Captioned web images →
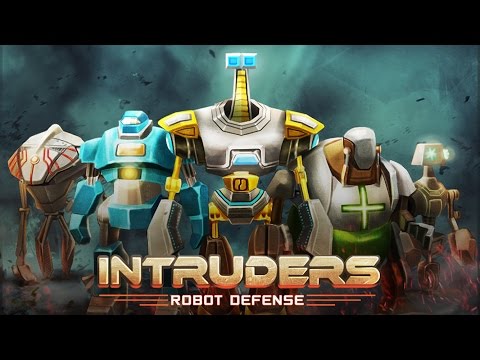 Видео Intruders: Robot Defense #1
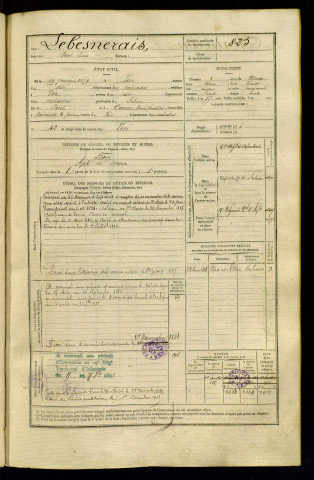 Lebesnerais, Paul Léon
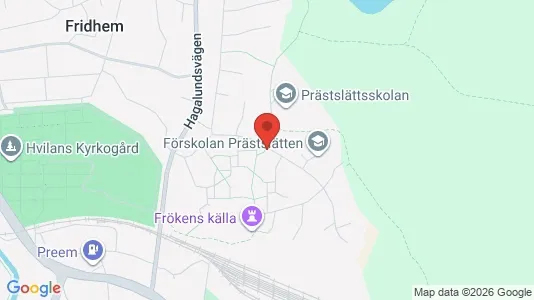 Bostadsrätter till salu i Karlshamn - kort over placeringen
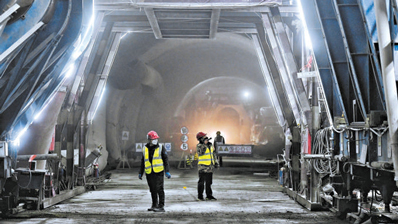 京西“生命通道”108新线高速建设迎来新进展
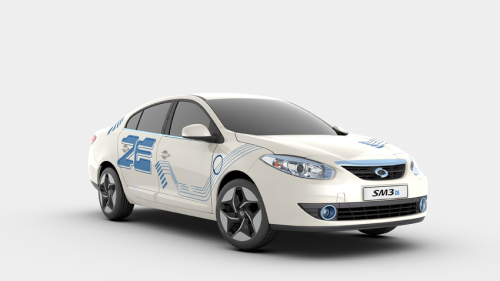 Renault Samsung Motors’ SM3 ZE Renault Samsung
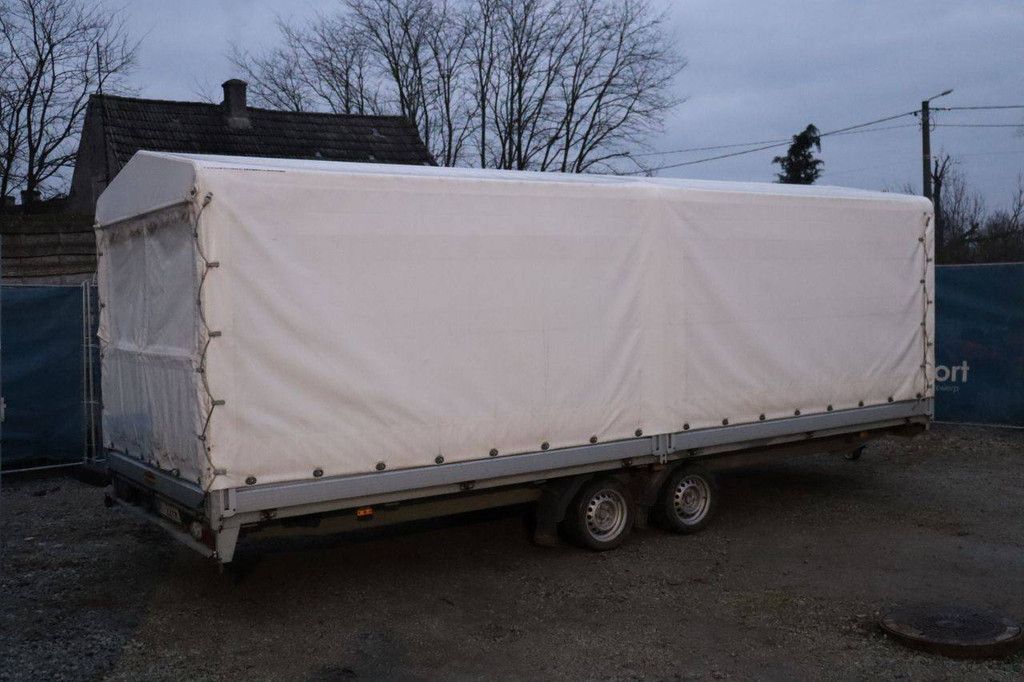 Covered trailer Böckmann CH3 2700kg 2021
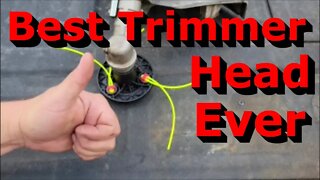 Installing the Best Trimmer Head Ever | PivoTrim Replacement Head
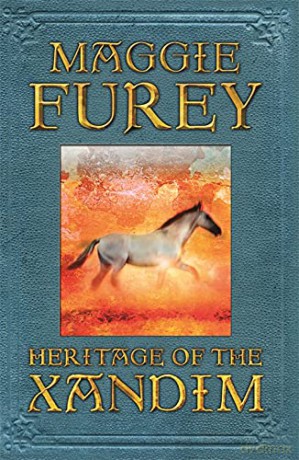 Heritage Of The Xandim - Maggie Furey [KSIĄŻKA]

PROBLEM REQUIREMENTS → Leave every picture out and return exactly the lines from the one holding "Installing the Best" through the end of the records above, both ends included, and nothing more.

THE ANSWER →
 Installing the Best Trimmer Head Ever | PivoTrim Replacement Head
 Heritage Of The Xandim - Maggie Furey [KSIĄŻKA]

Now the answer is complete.